An aging Andrew Dice Clay visited local morning show KTLA show this morning to promote his upcoming comedy tour. Although many of you are too young to remember his shtick, his act consisted of raunchy banter that was at times qualified as offensive. This morning, his act was not only offensive to the cast but also dated and boring, as he managed to pull a racist joke out of thin air and was quickly cut off and taken off the air. It just goes to show how long we’ve come since the days of unfettered verbal attacks in the name of comedy. The early 90’s called, Andrew. It wants its shtick back. And also its jacket.
The morning show later posted an apology for the appearance on their blog, stating, “The blessing and the burden of a live show is that anything can happen, and occasionally it does. Andrew Dice Clay was here a few minutes, we booked him, and it’s our responsibility because we put him on our air. We didn’t imagine that he would tell a joke that was really offensive. He did, and we want to apologize for that.”
Many of today’s superstars began as offensive comedians, but unlike the dice, they successfully transitioned from offensive shtick to family-friendly comedy, garnering them ultimate financial success. Fancast looks at the top 5 after the jump.
1. Robin Williams: His early days in the comedy circuit involved curses and dirty jokes. He has since become a respected actor whose name is synonymous with blockbuster comedies and dramas, with films like Dead Poet’s Society, Good Will Hunting and August Rush.
2. Tim Allen: His rough-and-tumble past was all but forgotten when he joined the cast of the family show Home Improvement and shot to stardom. His resume now includes the Christmas favorite Santa Clause, as well as Shaggy Dog and Wild Hogs.

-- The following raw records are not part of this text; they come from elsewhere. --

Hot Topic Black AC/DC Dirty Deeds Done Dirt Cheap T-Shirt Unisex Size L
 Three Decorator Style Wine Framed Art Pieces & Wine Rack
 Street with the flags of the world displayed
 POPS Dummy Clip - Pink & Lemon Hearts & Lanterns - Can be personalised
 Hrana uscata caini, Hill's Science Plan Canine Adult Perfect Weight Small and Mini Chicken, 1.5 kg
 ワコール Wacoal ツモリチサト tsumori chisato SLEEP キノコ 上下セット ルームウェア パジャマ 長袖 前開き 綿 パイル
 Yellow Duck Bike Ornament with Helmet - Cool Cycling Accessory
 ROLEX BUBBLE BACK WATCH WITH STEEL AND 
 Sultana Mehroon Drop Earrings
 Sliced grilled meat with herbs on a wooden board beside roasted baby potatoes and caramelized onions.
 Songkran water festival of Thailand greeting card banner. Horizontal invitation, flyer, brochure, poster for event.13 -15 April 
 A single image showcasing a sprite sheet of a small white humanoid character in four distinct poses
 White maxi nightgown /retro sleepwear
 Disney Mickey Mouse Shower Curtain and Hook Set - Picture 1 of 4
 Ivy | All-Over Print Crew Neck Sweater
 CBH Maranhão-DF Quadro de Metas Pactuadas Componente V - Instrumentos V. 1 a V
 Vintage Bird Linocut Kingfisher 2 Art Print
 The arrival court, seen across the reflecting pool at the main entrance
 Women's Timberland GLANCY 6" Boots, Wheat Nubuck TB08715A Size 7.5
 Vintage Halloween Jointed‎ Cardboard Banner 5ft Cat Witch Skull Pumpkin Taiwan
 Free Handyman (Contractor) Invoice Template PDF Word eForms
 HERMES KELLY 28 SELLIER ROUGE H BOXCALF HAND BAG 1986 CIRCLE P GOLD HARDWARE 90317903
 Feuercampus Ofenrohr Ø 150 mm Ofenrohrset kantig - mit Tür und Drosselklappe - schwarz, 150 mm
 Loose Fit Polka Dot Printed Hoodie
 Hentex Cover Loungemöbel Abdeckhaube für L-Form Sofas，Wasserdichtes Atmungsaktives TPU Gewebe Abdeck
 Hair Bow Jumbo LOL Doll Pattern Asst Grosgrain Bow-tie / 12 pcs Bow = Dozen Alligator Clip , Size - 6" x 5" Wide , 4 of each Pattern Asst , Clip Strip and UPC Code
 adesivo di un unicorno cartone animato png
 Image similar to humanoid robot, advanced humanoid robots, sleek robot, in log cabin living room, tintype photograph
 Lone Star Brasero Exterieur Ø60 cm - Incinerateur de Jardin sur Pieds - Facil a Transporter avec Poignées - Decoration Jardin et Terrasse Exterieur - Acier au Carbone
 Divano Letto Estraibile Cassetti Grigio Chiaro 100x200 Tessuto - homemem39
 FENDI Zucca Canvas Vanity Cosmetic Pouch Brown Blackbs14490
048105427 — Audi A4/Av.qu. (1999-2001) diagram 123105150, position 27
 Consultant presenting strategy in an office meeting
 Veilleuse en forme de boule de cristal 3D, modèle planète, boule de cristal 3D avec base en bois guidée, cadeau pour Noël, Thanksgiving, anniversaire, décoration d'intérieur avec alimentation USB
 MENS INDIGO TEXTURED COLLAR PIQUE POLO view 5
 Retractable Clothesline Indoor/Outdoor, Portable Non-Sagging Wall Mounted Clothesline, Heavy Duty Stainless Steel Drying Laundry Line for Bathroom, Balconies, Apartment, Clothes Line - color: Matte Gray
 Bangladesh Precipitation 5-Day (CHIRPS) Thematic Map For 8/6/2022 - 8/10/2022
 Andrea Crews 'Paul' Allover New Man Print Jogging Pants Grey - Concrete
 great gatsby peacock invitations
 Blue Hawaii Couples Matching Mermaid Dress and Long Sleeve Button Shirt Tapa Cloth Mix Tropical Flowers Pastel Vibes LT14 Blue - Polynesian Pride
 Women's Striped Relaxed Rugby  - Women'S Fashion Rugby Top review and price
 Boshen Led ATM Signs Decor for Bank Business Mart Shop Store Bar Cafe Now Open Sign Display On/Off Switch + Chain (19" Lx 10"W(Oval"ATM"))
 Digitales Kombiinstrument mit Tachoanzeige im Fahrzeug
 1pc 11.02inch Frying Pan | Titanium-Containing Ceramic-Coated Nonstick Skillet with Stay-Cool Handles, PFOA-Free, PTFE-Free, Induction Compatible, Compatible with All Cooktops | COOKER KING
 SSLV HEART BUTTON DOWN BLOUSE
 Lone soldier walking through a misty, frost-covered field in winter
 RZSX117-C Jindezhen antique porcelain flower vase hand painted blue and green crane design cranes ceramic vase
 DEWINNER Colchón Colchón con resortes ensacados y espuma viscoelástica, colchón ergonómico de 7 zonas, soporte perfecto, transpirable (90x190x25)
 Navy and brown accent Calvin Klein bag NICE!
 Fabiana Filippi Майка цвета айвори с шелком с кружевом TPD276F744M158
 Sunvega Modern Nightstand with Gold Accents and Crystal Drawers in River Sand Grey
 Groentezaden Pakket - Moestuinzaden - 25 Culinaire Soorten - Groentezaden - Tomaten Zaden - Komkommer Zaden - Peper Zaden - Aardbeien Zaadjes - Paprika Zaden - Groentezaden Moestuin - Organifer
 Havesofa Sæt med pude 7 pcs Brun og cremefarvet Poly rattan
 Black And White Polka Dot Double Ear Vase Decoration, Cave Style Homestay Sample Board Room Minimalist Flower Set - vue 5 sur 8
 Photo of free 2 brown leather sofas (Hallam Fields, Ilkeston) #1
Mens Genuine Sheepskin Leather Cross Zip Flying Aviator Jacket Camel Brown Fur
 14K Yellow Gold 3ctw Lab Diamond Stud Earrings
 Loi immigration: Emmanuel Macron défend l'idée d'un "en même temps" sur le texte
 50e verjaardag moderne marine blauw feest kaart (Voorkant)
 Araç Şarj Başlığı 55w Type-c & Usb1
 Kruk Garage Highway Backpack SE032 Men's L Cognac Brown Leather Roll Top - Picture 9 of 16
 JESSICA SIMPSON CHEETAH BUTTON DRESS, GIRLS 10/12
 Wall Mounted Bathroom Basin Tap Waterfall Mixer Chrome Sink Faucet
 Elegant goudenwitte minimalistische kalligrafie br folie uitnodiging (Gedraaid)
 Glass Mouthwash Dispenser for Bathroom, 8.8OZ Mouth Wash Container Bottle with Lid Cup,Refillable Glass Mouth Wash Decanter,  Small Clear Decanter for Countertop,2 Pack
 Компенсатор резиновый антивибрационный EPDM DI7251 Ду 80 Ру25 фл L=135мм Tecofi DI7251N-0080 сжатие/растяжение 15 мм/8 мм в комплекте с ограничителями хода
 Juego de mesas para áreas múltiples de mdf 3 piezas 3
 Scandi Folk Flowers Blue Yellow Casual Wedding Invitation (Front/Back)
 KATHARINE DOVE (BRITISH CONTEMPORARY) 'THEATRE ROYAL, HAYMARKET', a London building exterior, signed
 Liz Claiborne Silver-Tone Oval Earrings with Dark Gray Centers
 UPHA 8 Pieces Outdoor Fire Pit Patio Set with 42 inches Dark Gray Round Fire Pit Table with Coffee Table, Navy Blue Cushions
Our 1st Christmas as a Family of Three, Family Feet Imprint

3. Eddie Murphy: Eddie got his big break as a young man on SNL, but he grew up to become the famous family man of The Haunted Mansion, Beverly Hills Cop, Norbit and Daddy Day Care.
4. Martin Lawrence This is a man who made the term ‘wassssup’ the 90’s term du jour, during his stint as a you-so-crazy comedian. But his comedy wasn’t ready for prime time until the 1990’s, with the show Martin. His foray into films was even more family-frendly, with College Road Trip, Welcome Home Roscoe Jennings and Momma’s House.
5. Chris Rock: This skinny comedian’s trajectory also began on SNL, although he has reportedly stated that this was not his best work. His stand-up routine is famous for bordering on offensive, but he found his niche with films like Nurse Betty, Dogma, Head of State, and the current Don’t Mess With the Zohan.